– Дерево нужно уничтожить. Ты поняла? – неожиданно жестко продолжила Нритти. Отражение ее дрогнуло. – Он убьет тебя, дай только шанс.
Ответить я не успела. Дверь засветилась синим – кто-то приближался.
– Мне пора.
– Ты готова, сестра?
Я кивнула:
– Готова.
За дверью эхом разносились шаги. Я спустилась по стволу, бросила последний взгляд на тающее отражение Нритти в обсидиановом зеркале и выскочила в коридор. Дверь закрылась за спиной с тихим стуком, синие стены потускнели, вновь став белыми. Все еще прижимая ладони к дереву, я облегченно вздохнула.
По коридорам змеились голоса – приглушенные и напряженные. А я все еще не оправилась от слов Нритти. «Он убьет тебя, дай только шанс». Я знала, что нужно держаться настороже. Я успела посмотреть лишь несколько воспоминаний с дерева, но они казались такими настоящими, такими близкими и родными. Я дружила с Нритти, и чутье подсказывало, что ей можно доверять. Что она мне не навредит. С другой стороны, свежи были в памяти и дни, проведенные с Амаром. Его нежные взгляды и удивленная улыбка, озаряющая прекрасное лицо. И пламя и звездный свет, что окутывали меня от его поцелуев. Как все это может быть ложью?
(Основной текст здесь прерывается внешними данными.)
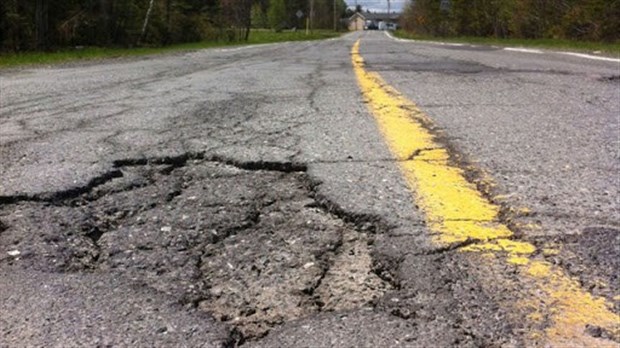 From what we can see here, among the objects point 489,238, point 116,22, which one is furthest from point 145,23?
point 489,238

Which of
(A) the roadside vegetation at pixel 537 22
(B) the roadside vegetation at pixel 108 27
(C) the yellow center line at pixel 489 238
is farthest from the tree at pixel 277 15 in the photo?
(C) the yellow center line at pixel 489 238

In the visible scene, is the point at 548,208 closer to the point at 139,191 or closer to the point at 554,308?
the point at 554,308

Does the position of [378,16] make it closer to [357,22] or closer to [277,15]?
[357,22]

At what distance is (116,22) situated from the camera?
2006cm

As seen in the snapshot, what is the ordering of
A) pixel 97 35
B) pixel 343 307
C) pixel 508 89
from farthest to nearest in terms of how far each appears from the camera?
pixel 97 35 → pixel 508 89 → pixel 343 307

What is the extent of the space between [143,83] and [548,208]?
489 centimetres

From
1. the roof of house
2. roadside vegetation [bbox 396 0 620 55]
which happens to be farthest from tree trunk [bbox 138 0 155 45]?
the roof of house

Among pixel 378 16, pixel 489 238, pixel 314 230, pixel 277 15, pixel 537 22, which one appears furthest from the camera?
pixel 378 16

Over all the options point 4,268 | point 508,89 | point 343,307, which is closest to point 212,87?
point 508,89

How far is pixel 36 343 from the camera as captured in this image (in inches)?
41.9

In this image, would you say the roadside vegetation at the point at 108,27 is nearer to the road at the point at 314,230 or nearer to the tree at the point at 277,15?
the road at the point at 314,230

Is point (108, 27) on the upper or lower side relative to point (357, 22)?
lower

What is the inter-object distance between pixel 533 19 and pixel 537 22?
23 cm

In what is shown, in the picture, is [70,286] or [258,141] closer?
[70,286] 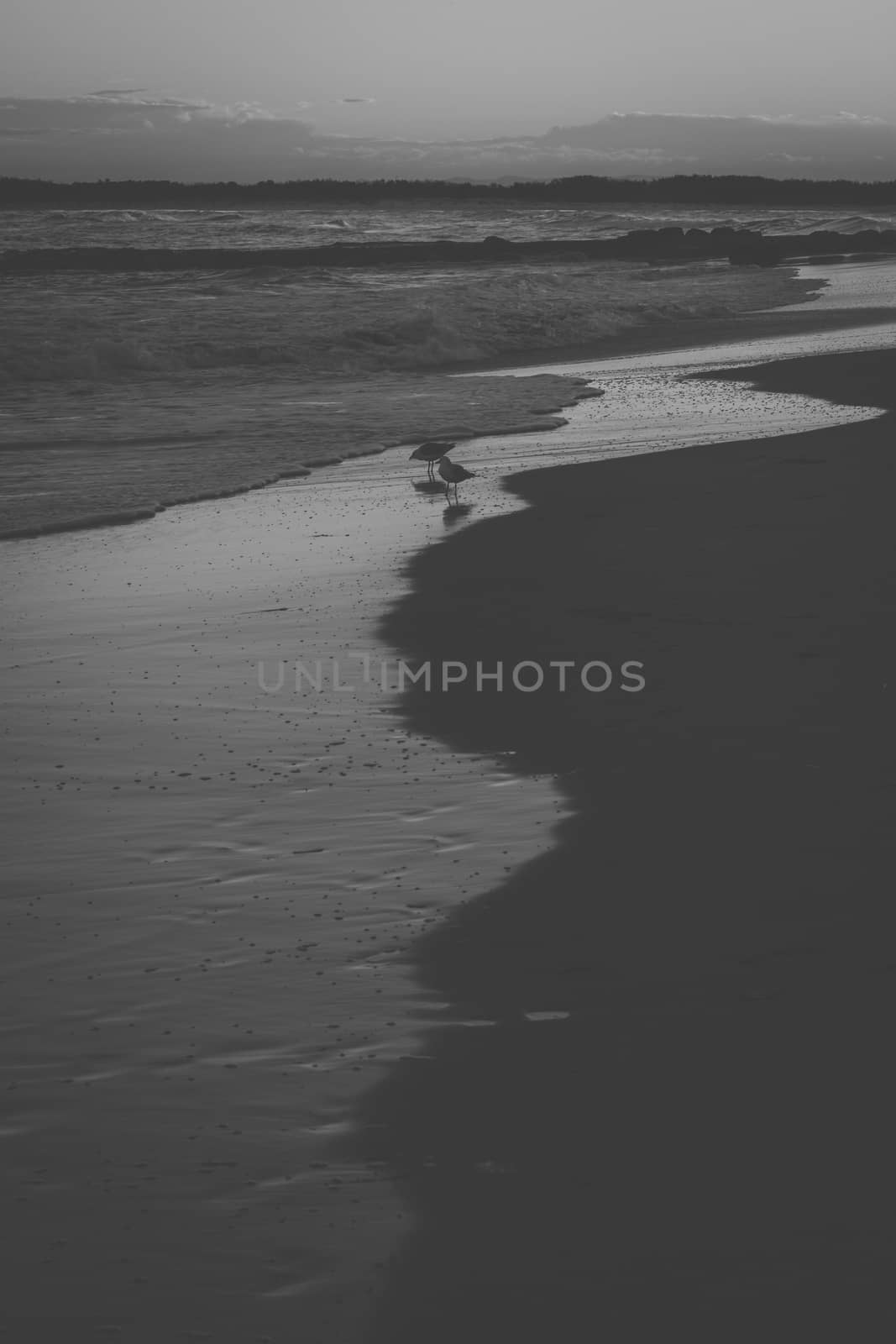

Но потом я услышала голос Гупты… Слова его так и вились вокруг, с трудом проникая в разум.
– Завтра новолуние. Вы спасли ее, привезли сюда… все ваши усилия не напрасны. Уверен, теперь, когда она здесь, мы можем избавиться от проблемы так, как вы всегда хотели.
Я прислонилась спиной к стене. В эту секунду любое пространство казалось невыносимо тесным, каждый лучик света ослеплял злобой. Вот и первопричина. Амар ждал подходящего момента, чтобы избавиться от меня, отомстить правильно, каким-то особым способом. Нритти не ошиблась.
Он убьет меня, если дам шанс.
18. Наконец-то правда
Я пряталась в тени, прислушиваясь к их шагам.
– Но еще многое предстоит сделать, – сказал Гупта. – Вы должны предугадать ее реакцию…
– Она готова, – нетерпеливо перебил Амар. – Я так долго ждал не для того, чтобы получить отказ.
Я прижалась к стене, молясь, чтобы меня не заметили. Вспомнились его слова в зале с гобеленом: «Слабость – роскошь, отныне тебе недоступная». Как же это верно. Чувства ослабили меня. Даже дружба с Гуптой оказалась лишь уловкой, призванной меня отвлечь, повязкой на глаза, чтобы они могли заточить меня в этом лабиринте смерти.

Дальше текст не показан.